Good thing you don't have a real job or anything!
I actually lived in conakry guinea, for a little over a year. The briefings on those things were enough to make me wear a kevlar sock every single damn day.
You would think the eco-weenies would be protesting the fact that the parasitic worm isn't on the endangered species list.
I hope you recover soon.
Well, here's an interesting link for y'all; Save the Guinea Worm Foundation.
Hope that link works.
-Kresh
It didn't work. Here's the url: http://www.deadlysins.com/guineaworm/index.htm
Sorry for the double post.
-Kresh
Good chicken soup is easy to make... if you must have canned, Tam, try Progresso instead of that Campbell's junk.
I hope you get better soon. The disturbance in the snark was felt!
Thanks! I just put a reserve on the book through the library where I work!
Tam,
Don't count on the chicken soup to be much more than comfort food.
It turns out that the chicken fat is the key element, and most canned soups are lacking in native, comes-with-the-meat fats.
See, the chicken fat irritates the sinuses, causing them to flush, which cleanses and carries away the infecting viruses and guck.
It just tastes better than a neti wash (pour a cup of warmish salt water up your nose so it runs out the other nostril. Do it again, tilting your head so it runs out your mouth. Repeat on the other side. Note, this procedure is comfortably done over the bathroom sink, very seldom in public, say, at the Wal-Mart deli.
Or you can try saline nasal mist; unmedicated, it won't interfere with the chicken soup or other remedies or medicines; my doctors have all encouraged it's use.
Of course, Alka-Selzer Plus works pretty good, even if it is non-recreational (like Vicks Nyquil). Metamucil/psyllium husk can be a comfort in the lower tract, if you know what I mean.
Celestial Seasonings makes an herbal tea, Honey Lemon Ginseng, that makes a good beverage. I add a good dollop of honey.

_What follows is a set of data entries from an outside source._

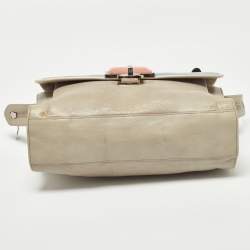 Pre Owned Balenciaga Multicolor Leather Cherche Midi Shoulder Bag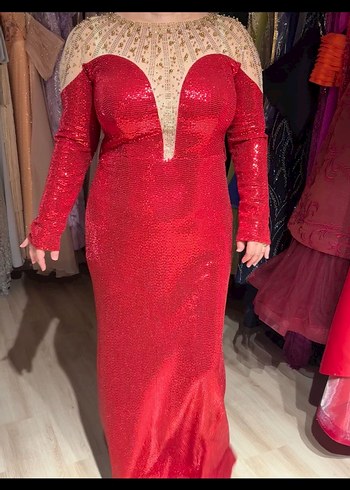 Tasarım payetli büyük beden - Görsel 2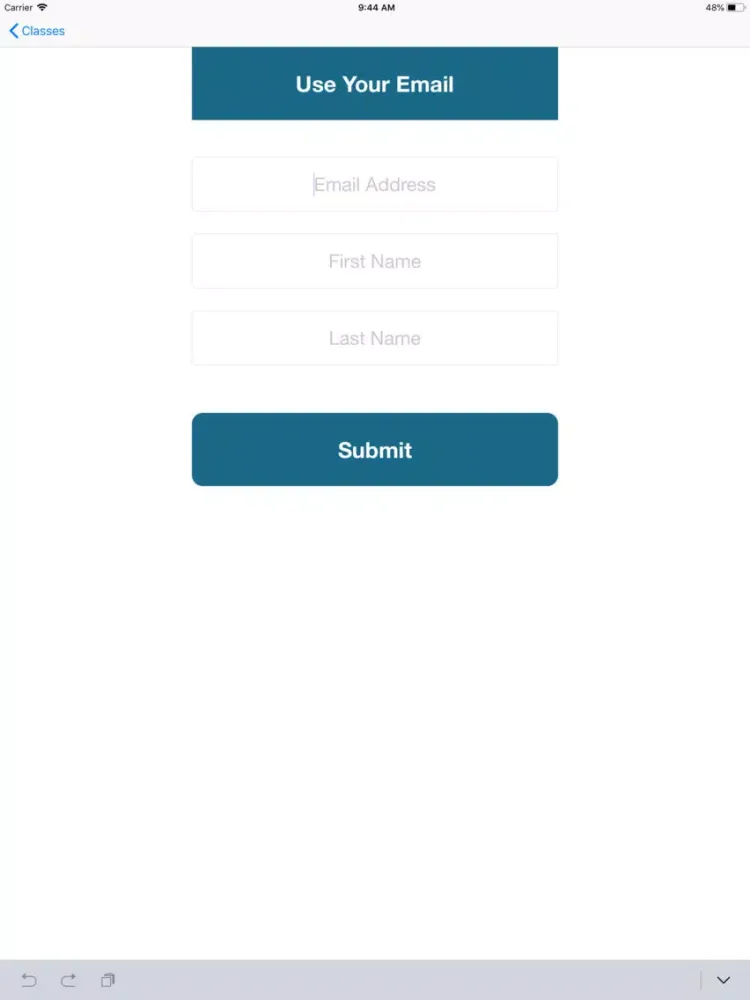 Tangkapan skrin Sim Lab Badge Reader iPad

In a pinch, hot water, even hot tap water, is a comfort food. Though I think toast, graham crackers, popcorn, or pork and beans with ground beef and diced potatoes cooked together are pretty good, too.

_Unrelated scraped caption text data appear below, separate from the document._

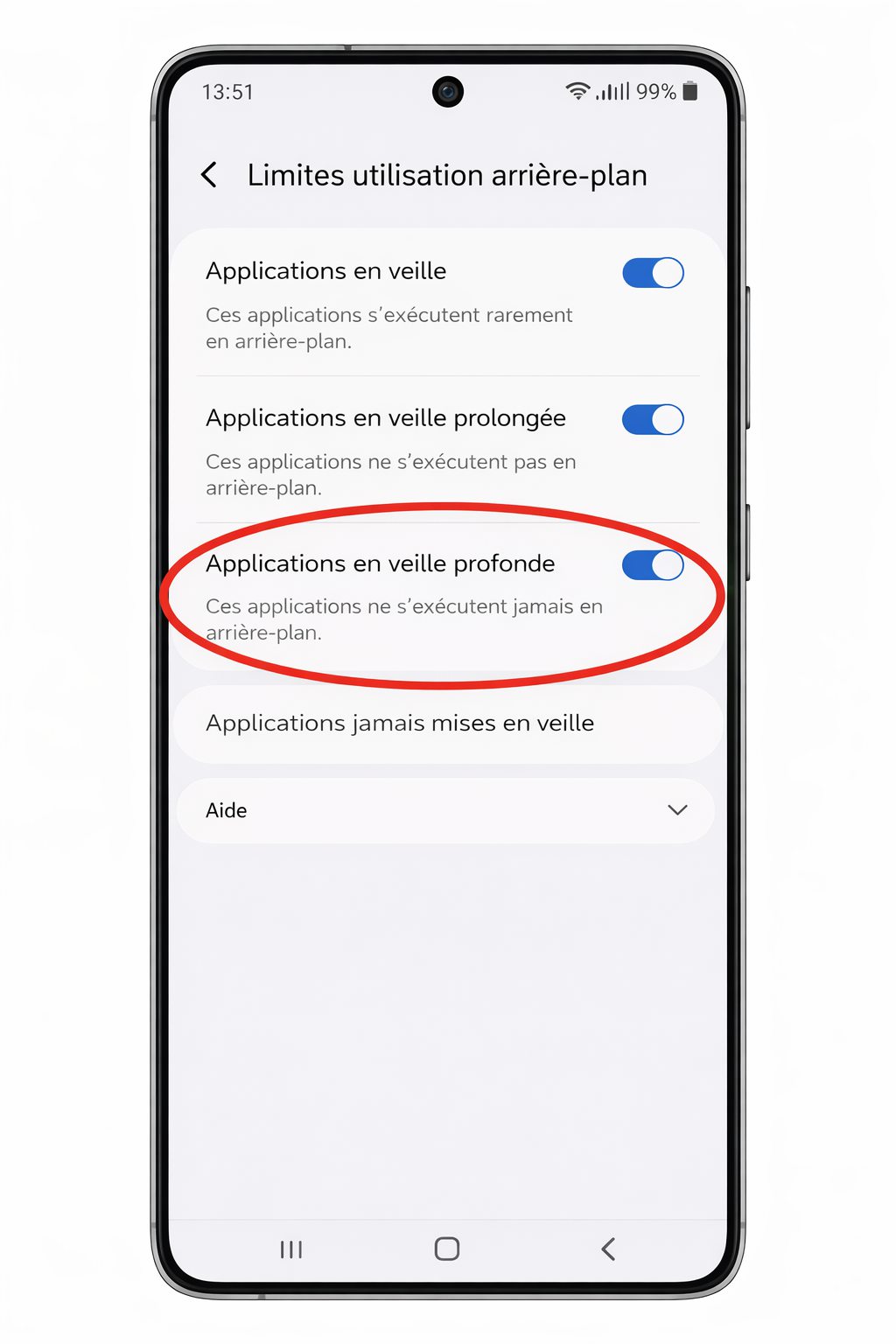 Menu Samsung S24 sous One UI 6.0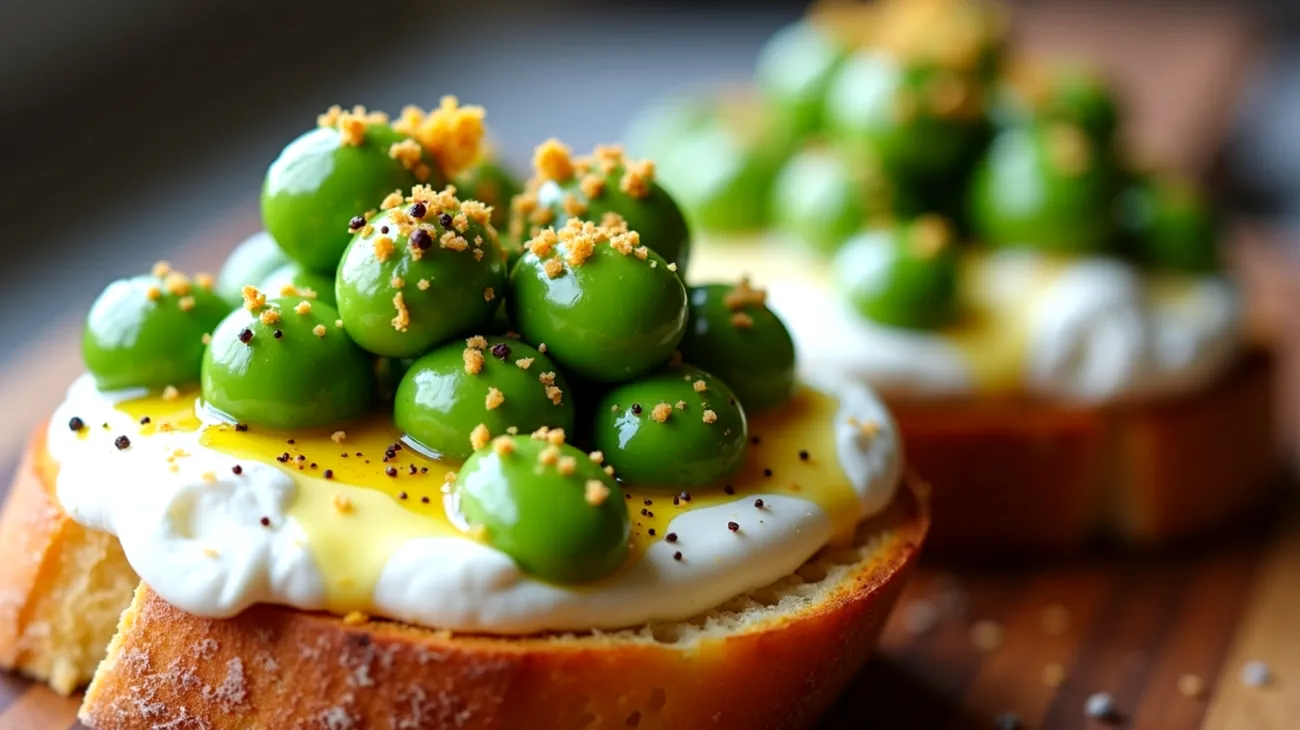 Pane burrata fave fresche"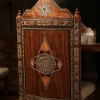 Handcrafted Mosaic Dining Room Set Inlaid with Natural Mother‑of‑Pearl – Soul of Damascus | Luxury Damascene Furniture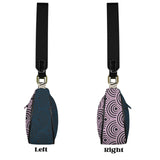 tricolor shell purse print Women's Shoulder Bag-Black Strap (Model 1748)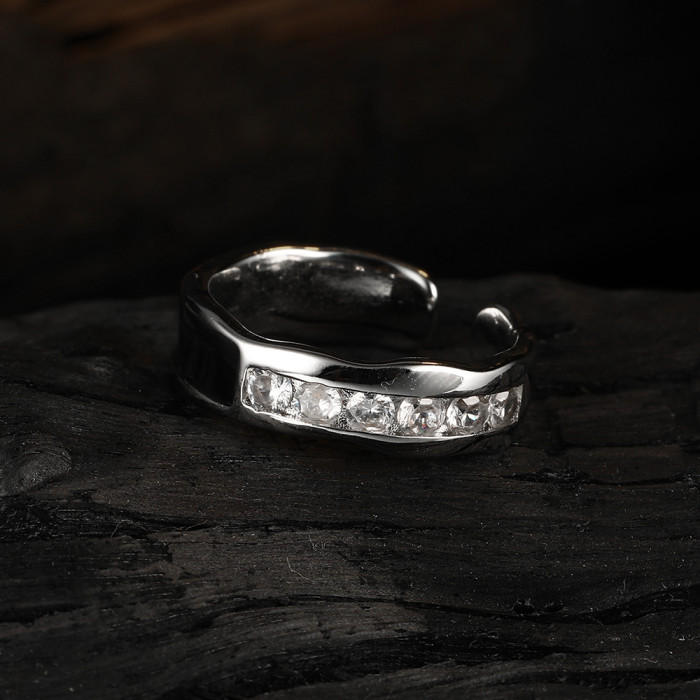 Dripping Zircon Personalized Adjustable Opening Women's Ring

Stay hydrated, and maybe grab something lighter to read, like Wen Spencer's "A Brothers Price" or Sharon Lee and Steve Miller's "A Conflict of Honors", "Scout's Progress", or "Balance of Trade".
Blessed be!
Have some chicken soup with a shot of cayenne. That tends to make me less lethargic and gets the juices flowing. I hope it does the same for you.
Just finished The Adventurer's Handbook and the Guinea Worm sounds a bit like the Candiru.
Stay well and be warm.
So you go to Blogorado and now you're sick? Does your body miss the area that much?
Hope you feel better.
The links to the Guinea Worm and the post about the bombing of Boise City OK would be enough for most blogs. But no, you want to do more.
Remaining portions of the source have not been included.